» **About this task**: Pictures stay out of the output. Return exactly the lines below from the one with "2024年加拿大公共养老金最新动态与退休福利调整示意图" down to the one with "Phaseolus vulgaris cort / bonenhuls tinctuur", both included, and nothing more.

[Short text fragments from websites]

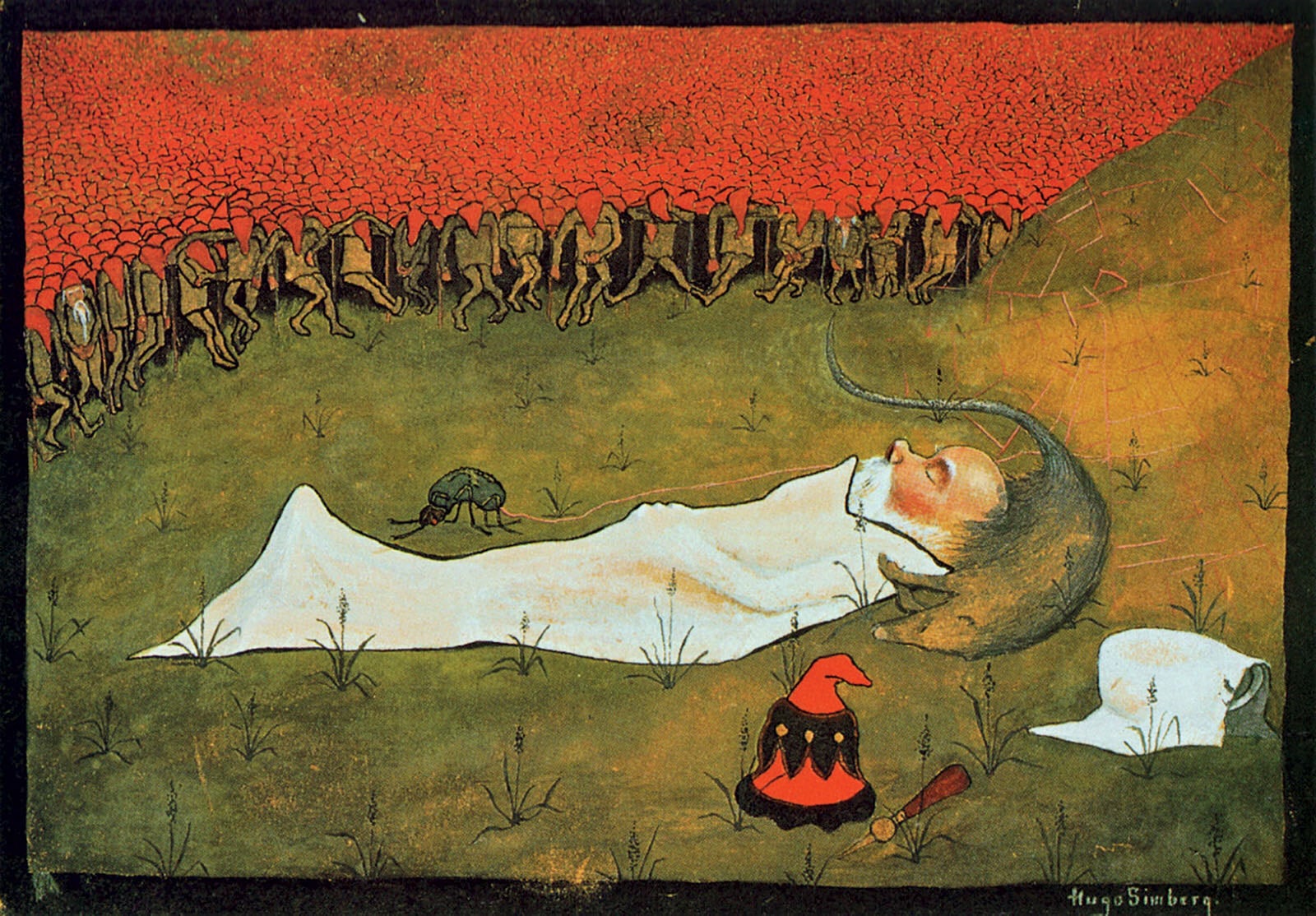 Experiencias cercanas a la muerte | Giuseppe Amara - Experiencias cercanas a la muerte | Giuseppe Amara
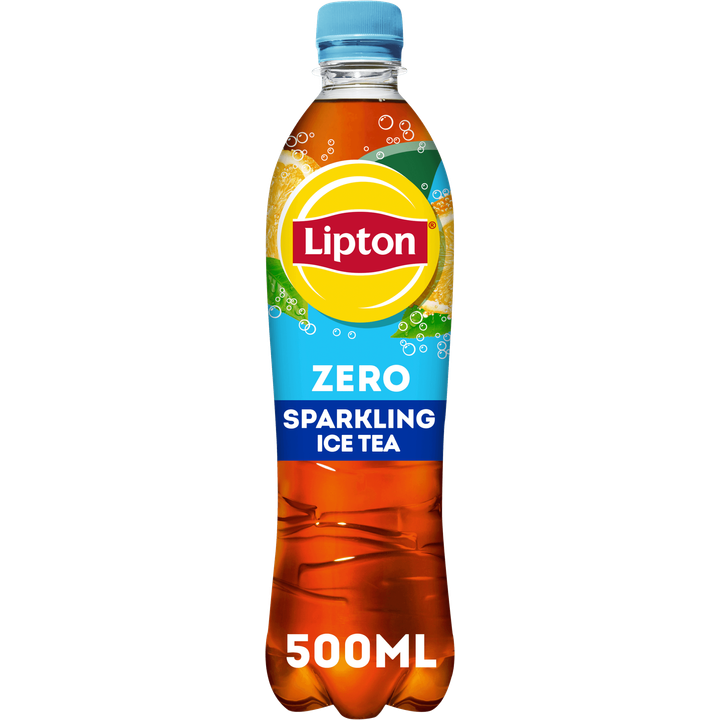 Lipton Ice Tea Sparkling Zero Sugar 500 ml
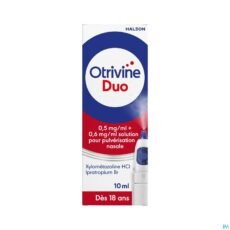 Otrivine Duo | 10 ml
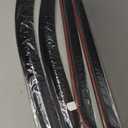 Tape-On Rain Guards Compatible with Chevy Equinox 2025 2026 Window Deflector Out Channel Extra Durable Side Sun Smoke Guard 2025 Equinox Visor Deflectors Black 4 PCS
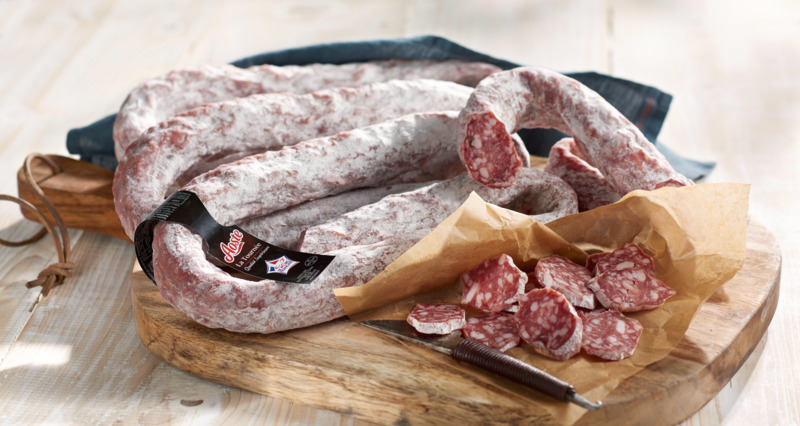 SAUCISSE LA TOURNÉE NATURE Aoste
* * *
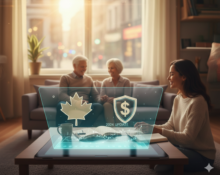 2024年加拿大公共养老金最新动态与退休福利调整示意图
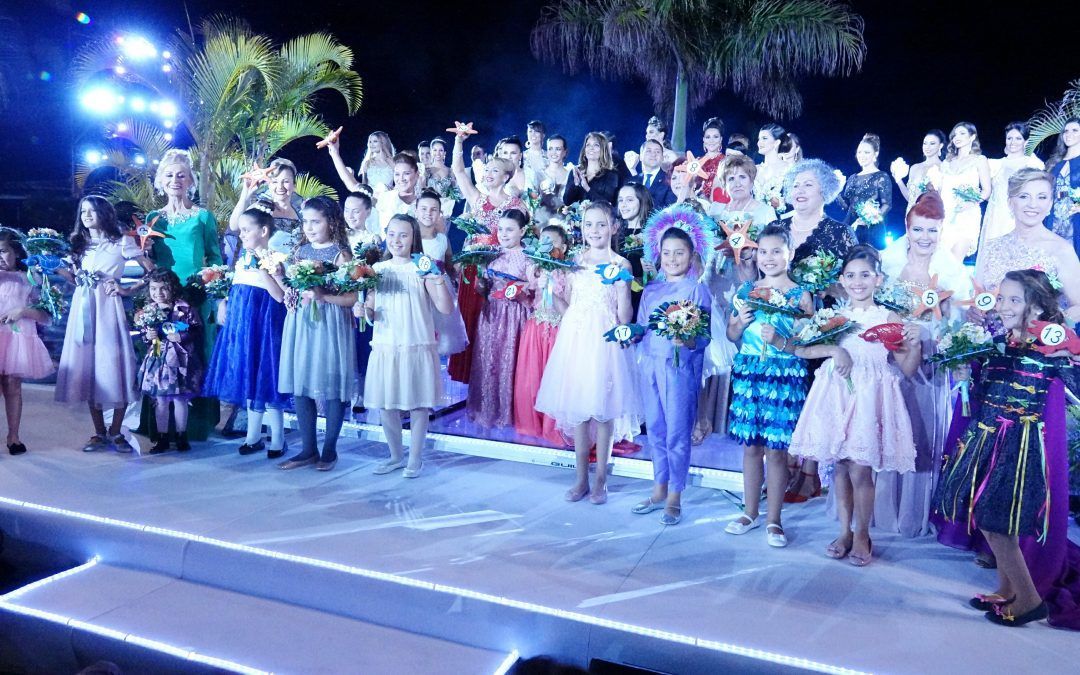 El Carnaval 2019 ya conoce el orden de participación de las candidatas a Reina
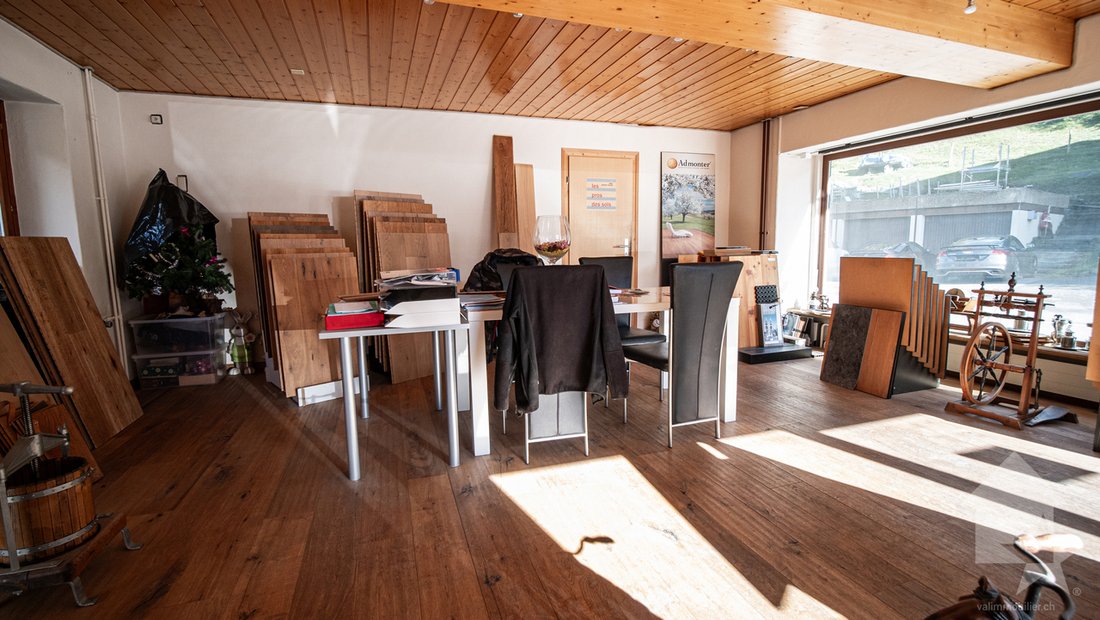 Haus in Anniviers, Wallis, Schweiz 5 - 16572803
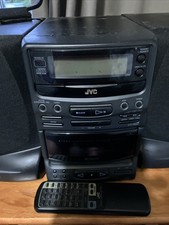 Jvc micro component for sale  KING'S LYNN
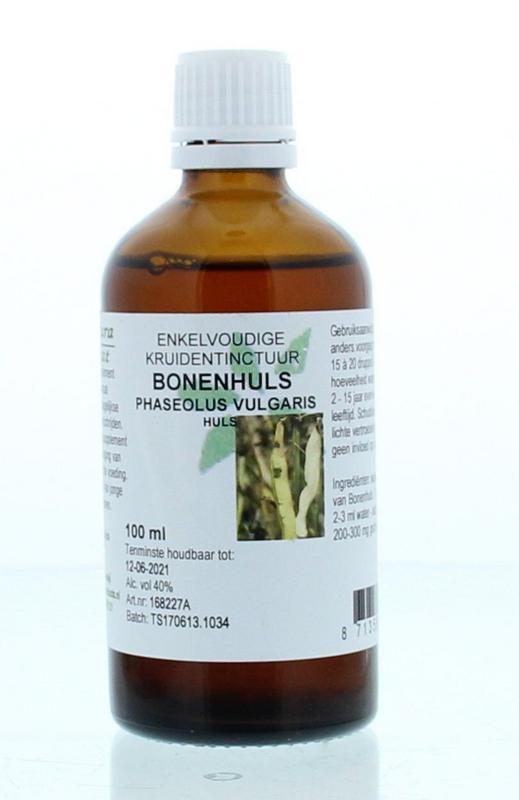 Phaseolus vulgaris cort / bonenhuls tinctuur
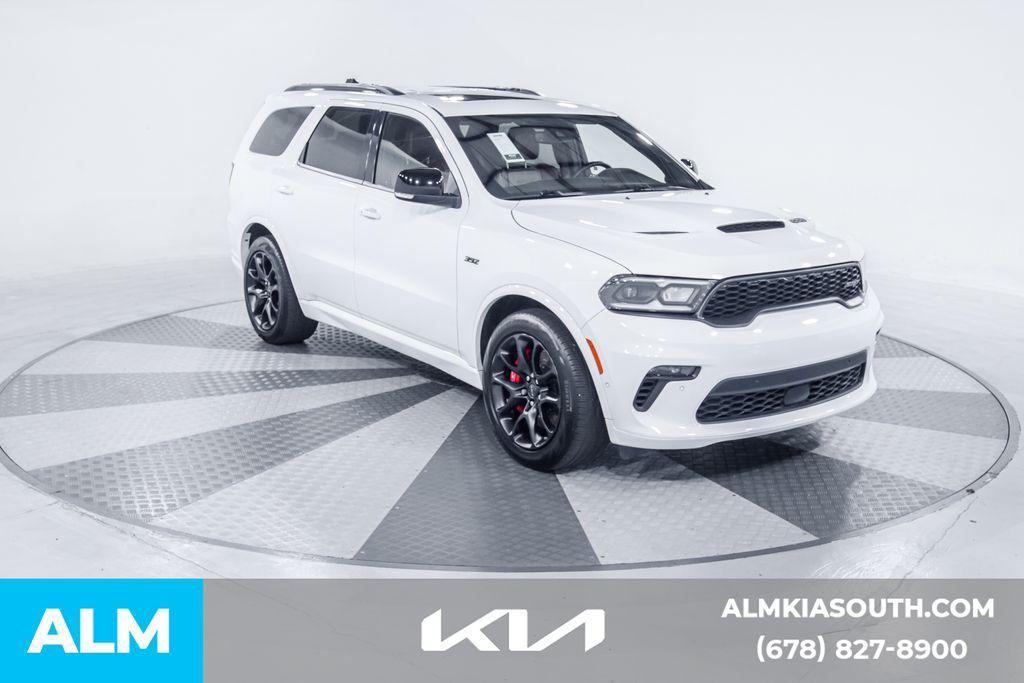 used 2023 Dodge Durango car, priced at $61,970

» **Response to this task**:
 2024年加拿大公共养老金最新动态与退休福利调整示意图
 El Carnaval 2019 ya conoce el orden de participación de las candidatas a Reina
 Haus in Anniviers, Wallis, Schweiz 5 - 16572803
 Jvc micro component for sale  KING'S LYNN
 Phaseolus vulgaris cort / bonenhuls tinctuur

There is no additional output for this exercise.